*INPUT RECORDS*:
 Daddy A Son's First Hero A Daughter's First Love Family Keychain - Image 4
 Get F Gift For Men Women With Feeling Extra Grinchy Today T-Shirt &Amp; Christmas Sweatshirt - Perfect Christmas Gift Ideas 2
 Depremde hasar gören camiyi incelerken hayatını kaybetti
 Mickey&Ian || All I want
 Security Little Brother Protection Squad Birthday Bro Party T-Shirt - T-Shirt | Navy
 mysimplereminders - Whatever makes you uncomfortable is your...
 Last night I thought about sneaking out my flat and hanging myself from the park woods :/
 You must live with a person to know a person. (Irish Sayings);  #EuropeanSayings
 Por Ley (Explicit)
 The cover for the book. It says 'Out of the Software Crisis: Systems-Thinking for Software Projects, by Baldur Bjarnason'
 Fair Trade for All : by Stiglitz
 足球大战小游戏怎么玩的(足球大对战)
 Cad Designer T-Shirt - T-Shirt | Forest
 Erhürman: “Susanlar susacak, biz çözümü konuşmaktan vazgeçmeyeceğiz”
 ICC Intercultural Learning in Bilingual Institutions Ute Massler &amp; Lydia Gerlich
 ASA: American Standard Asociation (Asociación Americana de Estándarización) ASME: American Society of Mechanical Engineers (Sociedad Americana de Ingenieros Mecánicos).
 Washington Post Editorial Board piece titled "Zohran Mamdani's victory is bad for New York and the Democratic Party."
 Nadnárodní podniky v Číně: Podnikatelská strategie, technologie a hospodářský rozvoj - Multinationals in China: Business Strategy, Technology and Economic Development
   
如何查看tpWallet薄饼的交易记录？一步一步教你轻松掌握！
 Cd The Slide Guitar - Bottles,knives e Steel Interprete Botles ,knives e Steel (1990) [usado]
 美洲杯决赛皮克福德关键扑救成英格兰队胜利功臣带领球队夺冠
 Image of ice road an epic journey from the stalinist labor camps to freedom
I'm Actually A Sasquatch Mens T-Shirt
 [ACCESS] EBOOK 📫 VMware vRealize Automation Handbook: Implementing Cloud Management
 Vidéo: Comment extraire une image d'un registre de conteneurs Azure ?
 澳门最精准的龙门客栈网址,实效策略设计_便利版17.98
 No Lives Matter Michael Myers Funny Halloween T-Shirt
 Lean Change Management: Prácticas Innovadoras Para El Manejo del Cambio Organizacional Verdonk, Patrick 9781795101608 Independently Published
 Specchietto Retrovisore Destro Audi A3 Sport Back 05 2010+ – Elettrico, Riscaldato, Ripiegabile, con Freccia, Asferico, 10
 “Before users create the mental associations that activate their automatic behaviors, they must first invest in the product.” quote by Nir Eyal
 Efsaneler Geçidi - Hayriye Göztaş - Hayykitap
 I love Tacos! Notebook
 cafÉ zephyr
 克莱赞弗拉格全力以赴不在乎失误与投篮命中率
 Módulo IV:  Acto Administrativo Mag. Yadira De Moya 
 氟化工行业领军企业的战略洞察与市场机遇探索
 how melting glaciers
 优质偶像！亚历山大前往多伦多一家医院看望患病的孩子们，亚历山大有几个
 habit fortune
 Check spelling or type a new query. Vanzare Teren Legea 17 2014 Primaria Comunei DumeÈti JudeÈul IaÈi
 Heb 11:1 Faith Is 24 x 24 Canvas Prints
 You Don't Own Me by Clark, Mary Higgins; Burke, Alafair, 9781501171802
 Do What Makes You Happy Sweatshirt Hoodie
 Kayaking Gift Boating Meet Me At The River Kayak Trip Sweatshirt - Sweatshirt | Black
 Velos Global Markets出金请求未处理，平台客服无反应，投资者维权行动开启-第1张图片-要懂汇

*WORK TO COMPLETE*: Out of the material above, output word for word the line with "Get F Gift For", the line with "ICC Intercultural Learning", and all lines between them, with nothing else.

*REPLY TO THE EXERCISE*:
 Get F Gift For Men Women With Feeling Extra Grinchy Today T-Shirt &Amp; Christmas Sweatshirt - Perfect Christmas Gift Ideas 2
 Depremde hasar gören camiyi incelerken hayatını kaybetti
 Mickey&Ian || All I want
 Security Little Brother Protection Squad Birthday Bro Party T-Shirt - T-Shirt | Navy
 mysimplereminders - Whatever makes you uncomfortable is your...
 Last night I thought about sneaking out my flat and hanging myself from the park woods :/
 You must live with a person to know a person. (Irish Sayings);  #EuropeanSayings
 Por Ley (Explicit)
 The cover for the book. It says 'Out of the Software Crisis: Systems-Thinking for Software Projects, by Baldur Bjarnason'
 Fair Trade for All : by Stiglitz
 足球大战小游戏怎么玩的(足球大对战)
 Cad Designer T-Shirt - T-Shirt | Forest
 Erhürman: “Susanlar susacak, biz çözümü konuşmaktan vazgeçmeyeceğiz”
 ICC Intercultural Learning in Bilingual Institutions Ute Massler &amp; Lydia Gerlich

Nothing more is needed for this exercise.